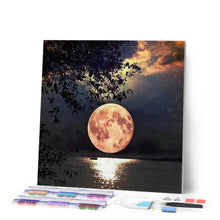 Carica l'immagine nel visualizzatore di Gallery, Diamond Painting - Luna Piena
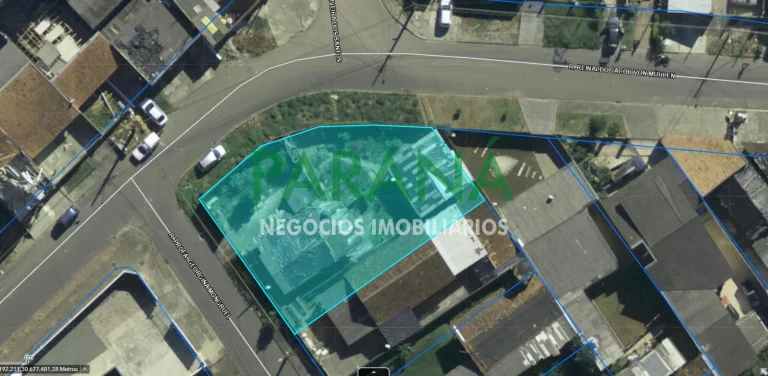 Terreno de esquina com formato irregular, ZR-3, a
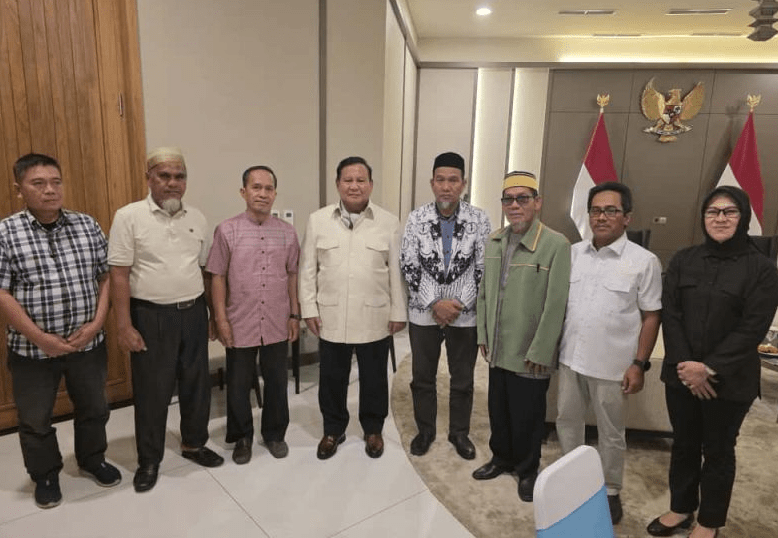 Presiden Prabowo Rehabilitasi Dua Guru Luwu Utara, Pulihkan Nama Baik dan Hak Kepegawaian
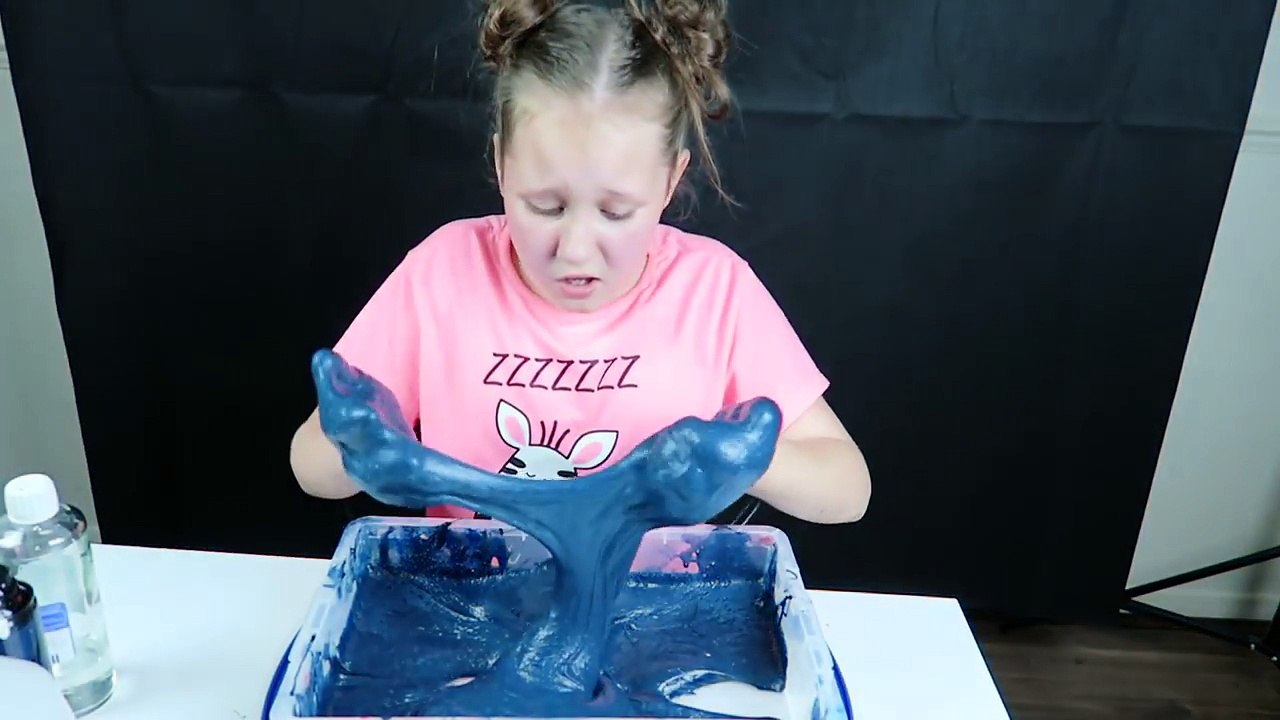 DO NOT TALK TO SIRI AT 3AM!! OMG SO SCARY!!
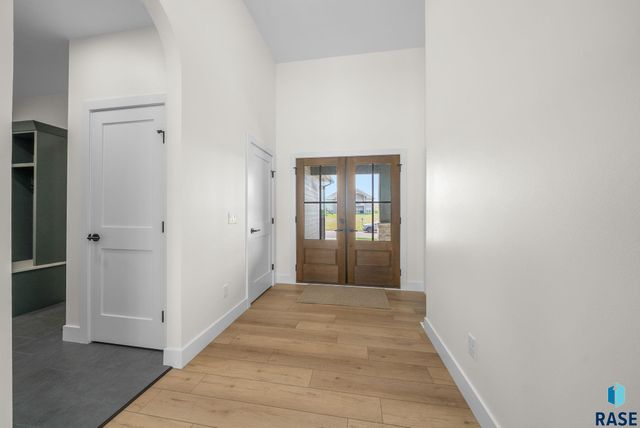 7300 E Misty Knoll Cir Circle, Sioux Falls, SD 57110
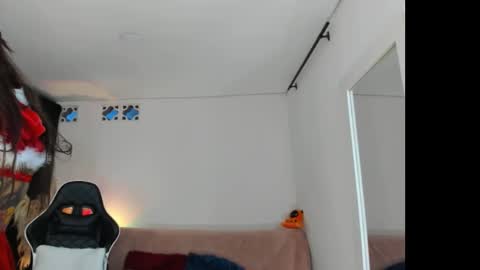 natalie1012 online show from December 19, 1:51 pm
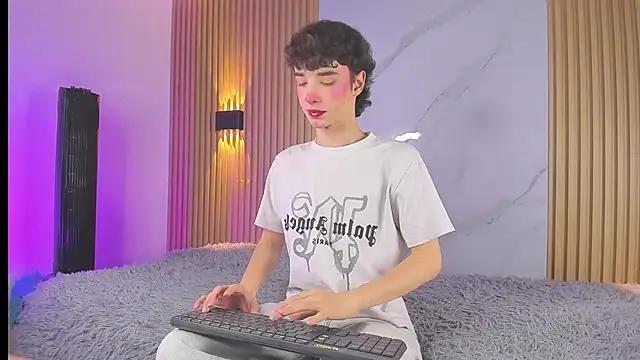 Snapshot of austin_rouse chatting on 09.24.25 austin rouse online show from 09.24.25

—————

INSTRUCTIONS TO FOLLOW –
Your answer must be the records exactly as they stand, with no pictures in it.

EXERCISE OUTPUT –
 Carica l'immagine nel visualizzatore di Gallery, Diamond Painting - Luna Piena
 Terreno de esquina com formato irregular, ZR-3, a
 Presiden Prabowo Rehabilitasi Dua Guru Luwu Utara, Pulihkan Nama Baik dan Hak Kepegawaian
 DO NOT TALK TO SIRI AT 3AM!! OMG SO SCARY!!
 7300 E Misty Knoll Cir Circle, Sioux Falls, SD 57110
 natalie1012 online show from December 19, 1:51 pm
 Snapshot of austin_rouse chatting on 09.24.25 austin rouse online show from 09.24.25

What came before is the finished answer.